Die glücklichen Seelen in der himmlischen Wolke

FESTSPIELE / KOLLEGIENKIRCHE / MONTEVERDI CHOIR

23/07/12 Ein Engelsherr mit Zinken, Posaunen und Flöten erschien vor dem inneren Auge, ein prächtiges Renaissancegemälde mit Durchblick auf die himmlische Ewigkeit: Der Monteverdi Choir musizierte unter Sir John Eliot Gardiner die Hochmeister der englischen Renaissance: Tallis, Byrd und White.

Von Christiane Keckeis

Was für ein Klang! Wenn die Vokale zur Instrumentierung genutzt werden, ein helles „ä“ plärrt, ein „u“ wie ein Flötenton schwebt, wenn Konsonanten zum Perkussionselement werden: Dann wird aus dem vertonten Text lebendig vielfältige Musik, wird aus dem A-capella-Chor ein Renaissance-Consort. Und wenn ein Komponist lautmalerisch arbeitet wie William Byrd, dann entstehen Bilder eines lachenden Halleluja-Engel-Jubelchores ebenso wie des zerstörten Jerusalem, ein krähender Hahn erwacht zum Leben und man glaubt die ruhig Schlafenden vor sich zu sehen.

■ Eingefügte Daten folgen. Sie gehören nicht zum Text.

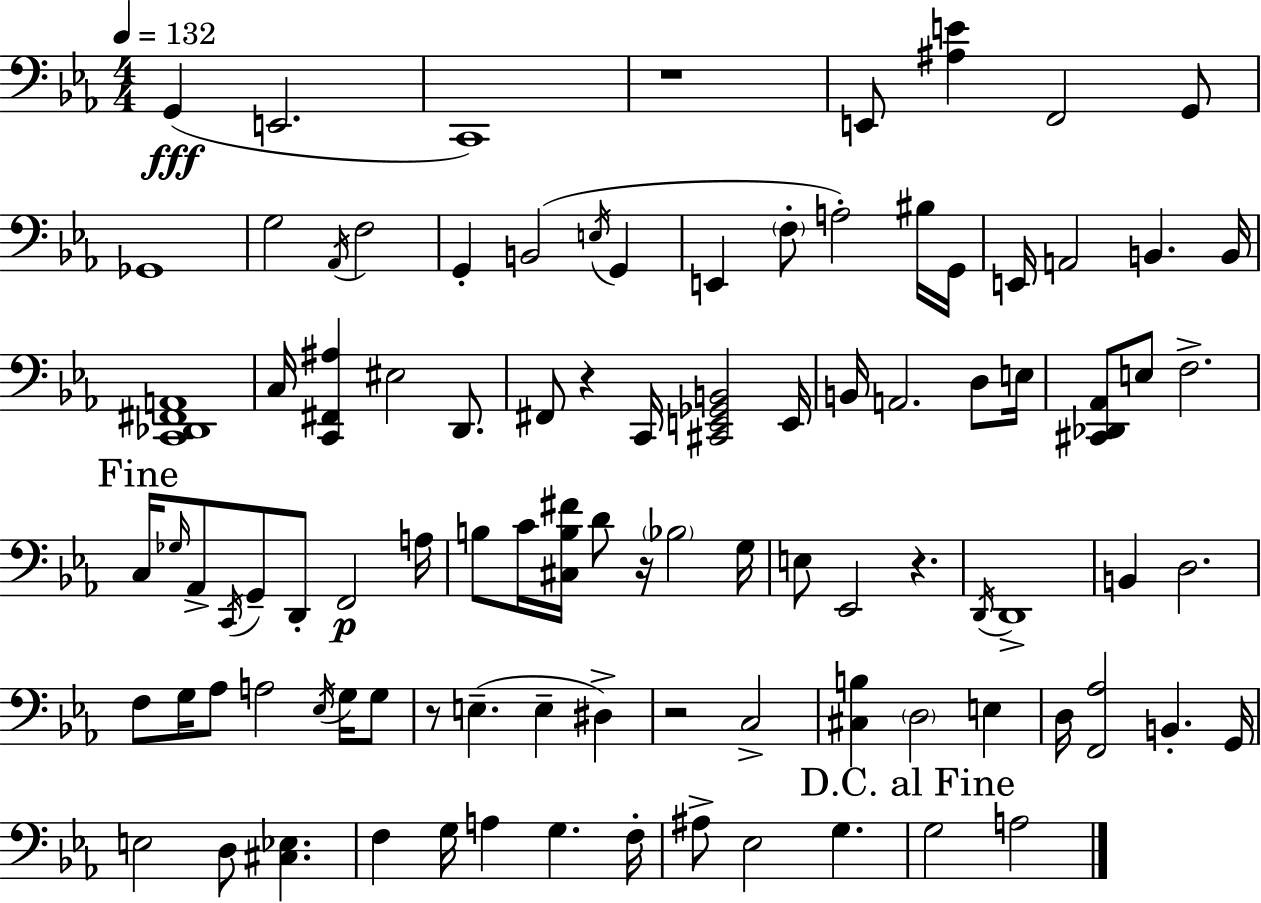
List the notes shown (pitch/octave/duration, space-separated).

G2/q E2/h. C2/w R/w E2/e [A#3,E4]/q F2/h G2/e Gb2/w G3/h Ab2/s F3/h G2/q B2/h E3/s G2/q E2/q F3/e A3/h BIS3/s G2/s E2/s A2/h B2/q. B2/s [C2,Db2,F#2,A2]/w C3/s [C2,F#2,A#3]/q EIS3/h D2/e. F#2/e R/q C2/s [C#2,E2,Gb2,B2]/h E2/s B2/s A2/h. D3/e E3/s [C#2,Db2,Ab2]/e E3/e F3/h. C3/s Gb3/s Ab2/e C2/s G2/e D2/e F2/h A3/s B3/e C4/s [C#3,B3,F#4]/s D4/e R/s Bb3/h G3/s E3/e Eb2/h R/q. D2/s D2/w B2/q D3/h. F3/e G3/s Ab3/e A3/h Eb3/s G3/s G3/e R/e E3/q. E3/q D#3/q R/h C3/h [C#3,B3]/q D3/h E3/q D3/s [F2,Ab3]/h B2/q. G2/s E3/h D3/e [C#3,Eb3]/q. F3/q G3/s A3/q G3/q. F3/s A#3/e Eb3/h G3/q. G3/h A3/h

Dass Politik Einfluss auf Musik nimmt, ist nichts Neues und in der Tat auch schon im England der angehenden Neuzeit so gewesen, wobei hier der Umweg über die Religion genommen wurde: katholisch, protestantisch oder anglikanisch? Durfte es polyphon und aufwendig, sollte es schlicht und im Einklang sein? Tallis und seine Kollegen richteten sich mal so, mal so, wie es eben gerade erlaubt und erwünscht war, und so sind auch die Werke, obwohl aus einer Epoche, stilistisch breit gespannt. Herrlichste vielstimmige Polyphonie, teils doppelchörig wie Peter Philips „Ecce vicit Leo“ oder im leidenschaftlichen Lob fast weltlich tänzelnd wie Byrds „Laudibus in sanctis“ – die Sängerinnen und Sänger bringen das souverän und mit allen Feinheiten, vom schwebenden Piano bis zur verzweifelt bitteren Anklage. Und obwohl die solistischen Stimmqualitäten der 28 Vokalisten deutlich werden, ist der Ensembleklang nie gefährdet, das Aufeinanderhören ist selbstverständlich und macht auch die Transparenz der polyphonen Sätze aus. Stets ist klar, welche Stimme gerade führt oder wichtig ist.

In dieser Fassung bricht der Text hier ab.